Domani giorno di paga «Se non arrivano i soldi andremo a prenderceli»

09/10/2013

TREVISO – Dipendenti sul piede di guerra alla North East Service. La rabbia cresce di ora in ora. e dopo il sequestro del «tesoro» di Luigi Compiano i lavoratori si sentono traditi dall`azienda che hanno contribuito a far crescere in tanti anni di lavoro.
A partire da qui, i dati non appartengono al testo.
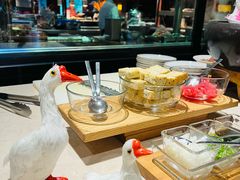 -顺德美的万豪酒店·自助餐·贡厨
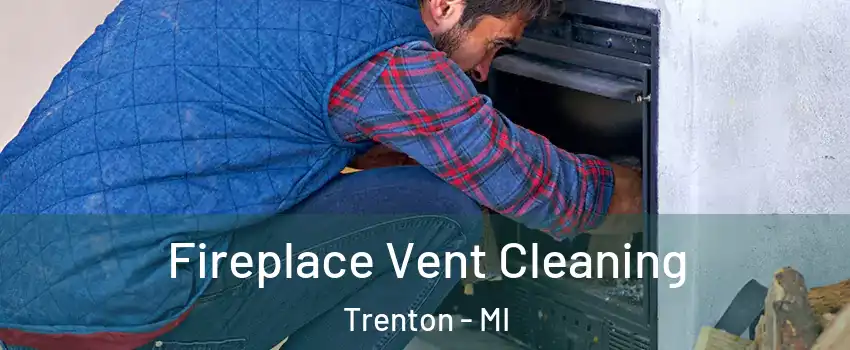  Fireplace Vent Cleaning Trenton - MI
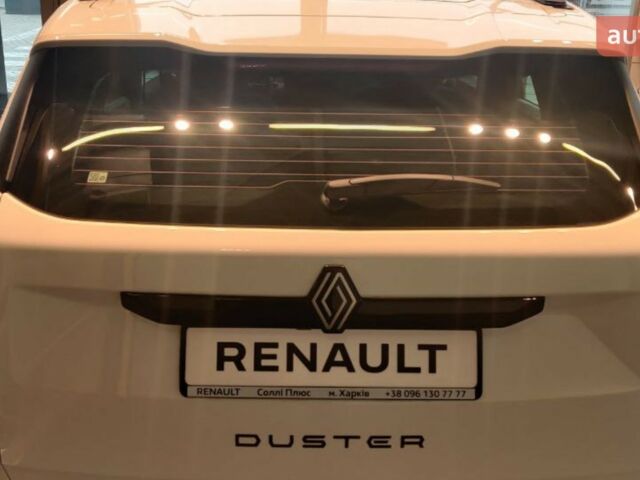 Рено Дастер, об'ємом двигуна 1.33 л та пробігом 0 тис. км за 25279 $, фото 7 на Automoto.ua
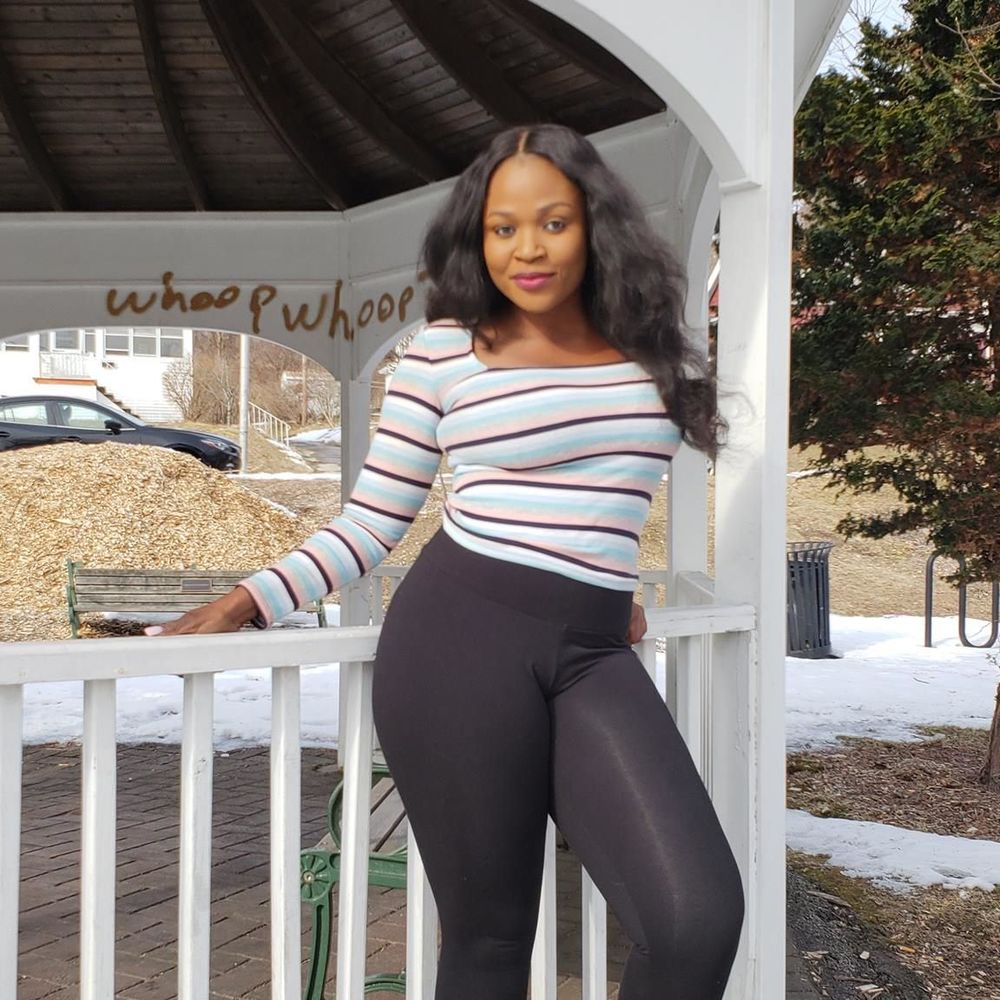 Meet your Posher, Amaka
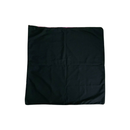 Fair Trade-Timor-Leste Product: Cushion cover in burgundy tone stripes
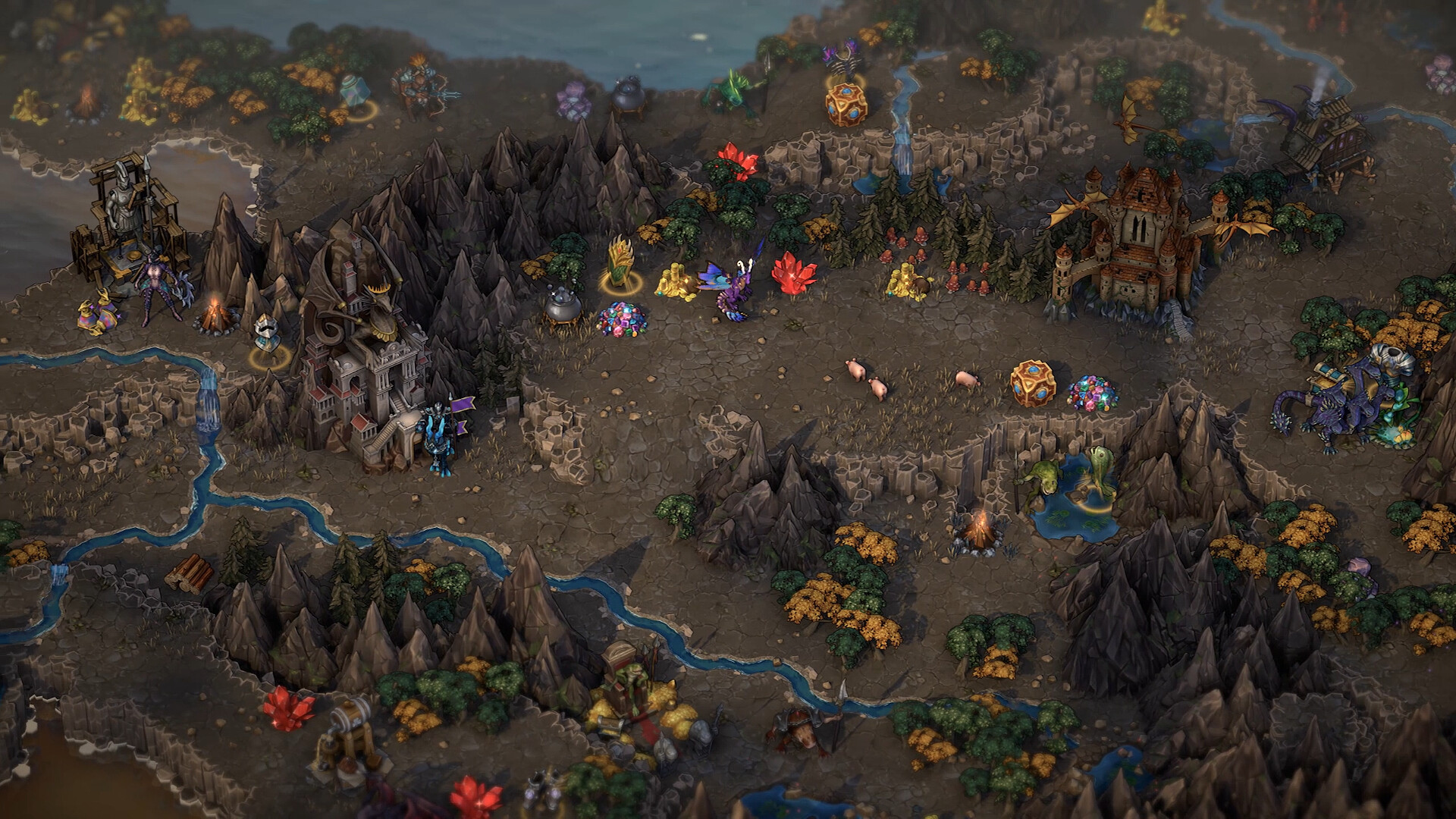 Heroes of Might and Magic: Olden Era #2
Domani sarà una data cruciale: è giorno di paga. Nell`unico incontro svoltosi finora tra i sindacati e l`avvocato Paolo Ferraresi era stato garantito il pagamento delle retribuzioni. «Ma se domani non arriverà lo stipendio, andremo a prendercelo da Compiano» sbottano i lavoratori che, dopo esser stati presi di mira da colleghi e clienti per colpa dello scandalo, rischiano nei prossimi giorni di trovarsi senza un lavoro. «La rabbia dei lavoratori è comprensibile – afferma Edoardo Dorella della Fisascat Cisl – ma dal nostro punto di vista quello che succederà a Compiano ci interessa poco. Ci interessa invece capire se domani saranno pagati i dipendenti e cosa sarà possibile fare per salvaguardare i posti di lavoro».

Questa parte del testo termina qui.